Other than deciding on how German territory would be carved up and administered by which power, there was little discussion about how the final military operations would be conducted. However, after General Aleksei Antonov, deputy chief of the Soviet General Staff, requested that the Allies apply some of their aerial firepower in the East, Churchill and Roosevelt promised Stalin that they would continue their bombing campaign against Germany to aid the advance of Soviet forces.
Dresden, therefore, became a target in early 1945. Allied intelligence revealed that, far from being an inoffensive center of culture, Dresden and the surrounding area was home to 127 factories that manufactured everything from rifles and machine guns to artillery pieces, aircraft components, precision optical devices, and poison gas (the latter manufactured by Chemische Fabrik Goye, GmbH).
Dresden was also a key rail hub, with lines running to Berlin, Prague, Vienna, Munich, Breslau, Leipzig, and Hamburg. The Wehrmacht’s headquarters had also been relocated from Berlin to the Taschenbergpalais in Dresden, and there were at least one ammunition depot and several military hospitals.
The Joint Chiefs of Staff of both the United States and Britain had earlier in the war authorized the aerial attacks on German cities to accomplish “the progressive destruction and dislocation of the German military, industrial, and economic system, and the undermining of the morale of the German people to a point where their capacity for armed resistance is fatally weakened.”
Colonel Harold E. Cook, an American prisoner of the Germans in Dresden, stated after the war, “I saw with my own eyes that Dresden was an armed camp: thousands of German troops, tanks, and artillery, and miles of freight cars loaded with supplies supporting and transporting German logistics toward the east to meet the Russians.”
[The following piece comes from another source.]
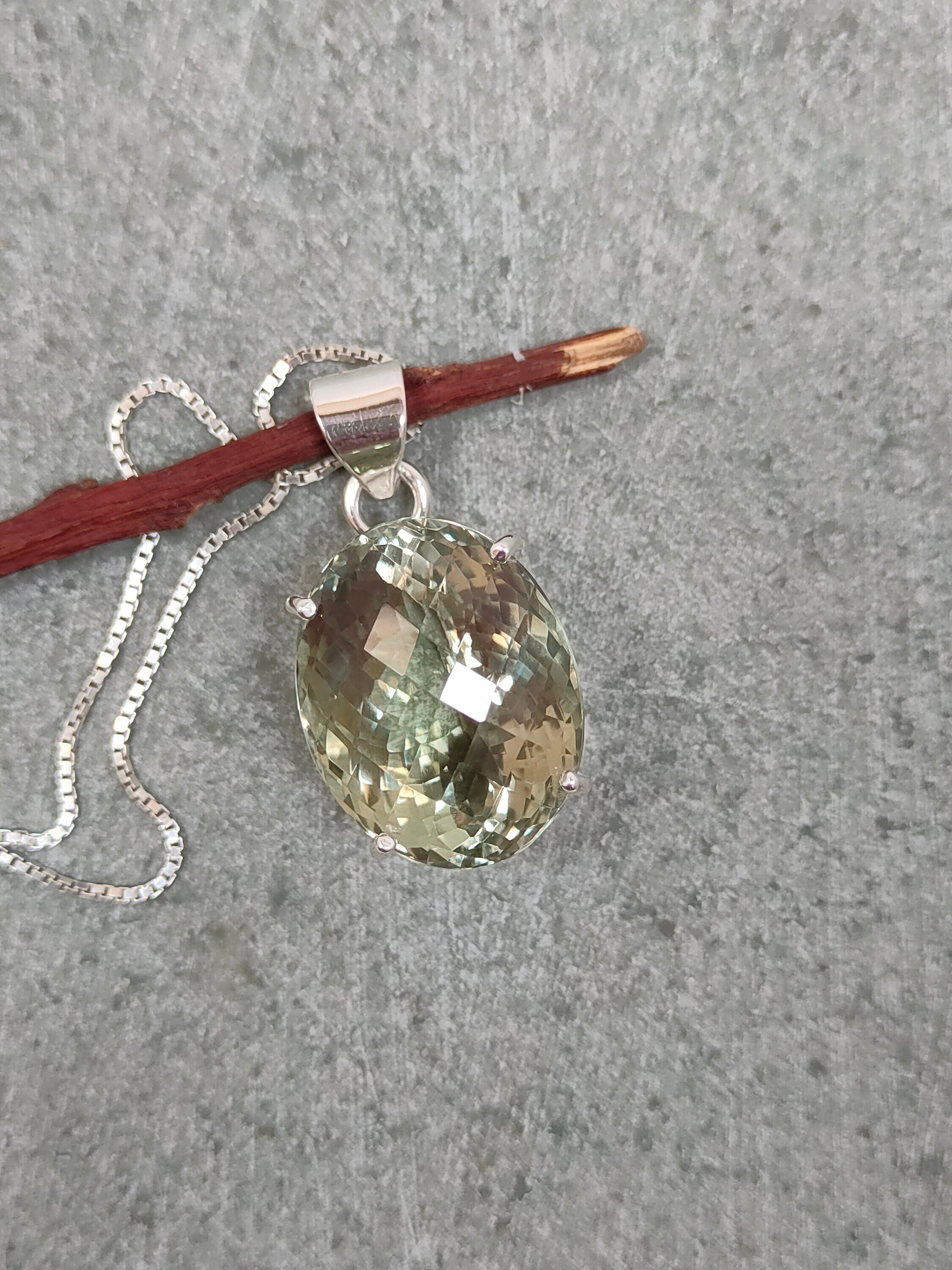 Ciondolo in ametista verde: gioiello fatto a mano in argento sterling con pietre preziose - Italia Ciondolo in ametista verde: gioiello fatto a mano in argento sterling con pietre preziose - Italia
Thus, RAF Bomber Command and the U.S. Army Air Forces (USAAF) determined that Dresden was a legitimate military target and decided to mount a joint attack on the city at the direct request of the Soviet government. There would be four separate raids commencing on February 13. Seven hundred and twenty-two heavy bombers of the British Royal Air Force and 527 of the USAAF would drop more than 3,900 tons of high explosives and incendiary devices as part of the planned bombing of Dresden.
Hellish Firestorm: The Bombing’s Two Waves
The U.S. Eighth Air Force was scheduled to fly the initial strikes during the bombing of Dresden on February 13 but they were canceled because of poor weather. The weather did not stop Bomber Command, however. A historian wrote, “To support the attack, Bomber Command dispatched several diversionary raids designed to confuse the German air defenses.
“These struck targets in Bonn, Magdeburg, Nuremberg, Böhlen, and Misburg, near Hannover. For Dresden, the attack was to come in two waves, with the second coming three hours after the first. This approach was designed to catch German emergency response teams exposed and increase casualties.”
The first wave was a flight of Avro Lancaster bombers from 83 Squadron, No. 5 Group, based at RAF Coningsby. They would be the pathfinders and would light up the target area with incendiaries.
Close on their tails was a group of DeHavilland Mosquitoes that dropped 1,000-pound bombs to mark the aiming points for the rest of the raiders. The main bomber force, consisting of 254 Lancasters, would arrive next with a mixed load of 500 tons of high-explosive bombs and 375 tons of incendiaries.